◆ Data extract ◆
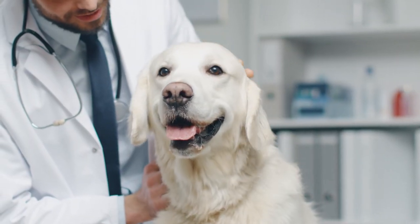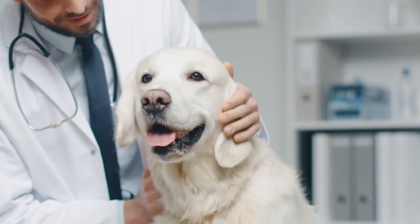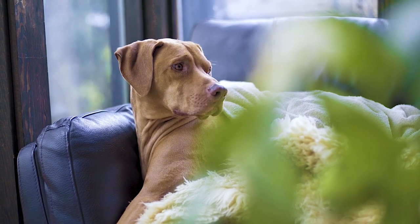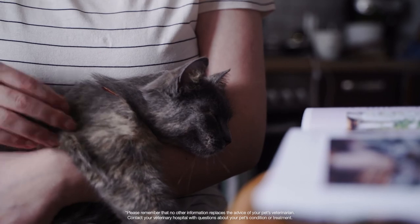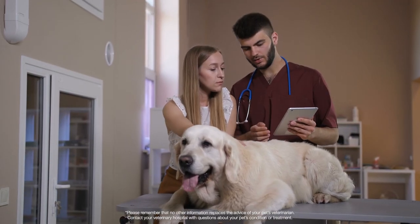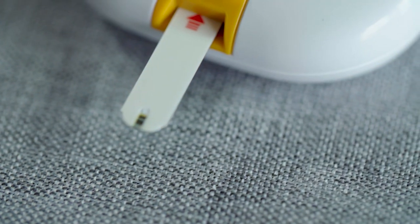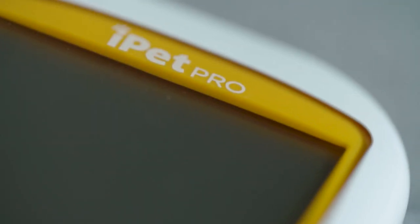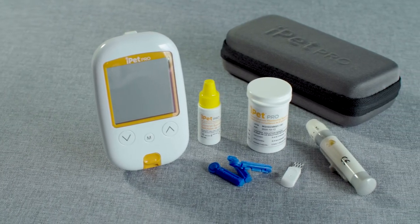Finding out your pet has been diagnosed with diabetes can be an overwhelming experience. With the proper care and treatment, your pet can live a long, happy life. Your veterinarian will diagnose and recommend a treatment plan for your pet that may include at-home blood glucose testing with the easy-to-use iPet Pro blood glucose meter.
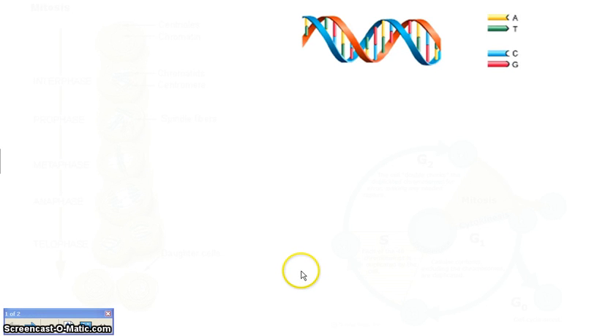Welcome back, fellow scientists. Today we want to talk about DNA replication. To remind you where we've been: we found out that DNA was the genetic material, we determined the structure of DNA, and now what we want to do is find out how DNA works.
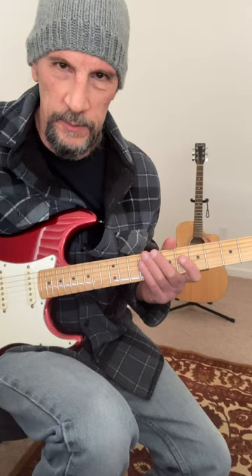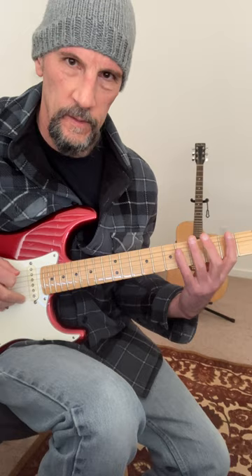As a guitar teacher, I can't tell you how many times I've had a student come in and say, 'Oh yeah, I can play Smoke on the Water, that's easy,' and then proceed to play it incorrectly. We get this a lot.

◆ Task brief ◆
An exact copy of the material above is required, free of any pictures.

◆ Response to the task ◆
Finding out your pet has been diagnosed with diabetes can be an overwhelming experience. With the proper care and treatment, your pet can live a long, happy life. Your veterinarian will diagnose and recommend a treatment plan for your pet that may include at-home blood glucose testing with the easy-to-use iPet Pro blood glucose meter.
Welcome back, fellow scientists. Today we want to talk about DNA replication. To remind you where we've been: we found out that DNA was the genetic material, we determined the structure of DNA, and now what we want to do is find out how DNA works.
As a guitar teacher, I can't tell you how many times I've had a student come in and say, 'Oh yeah, I can play Smoke on the Water, that's easy,' and then proceed to play it incorrectly. We get this a lot.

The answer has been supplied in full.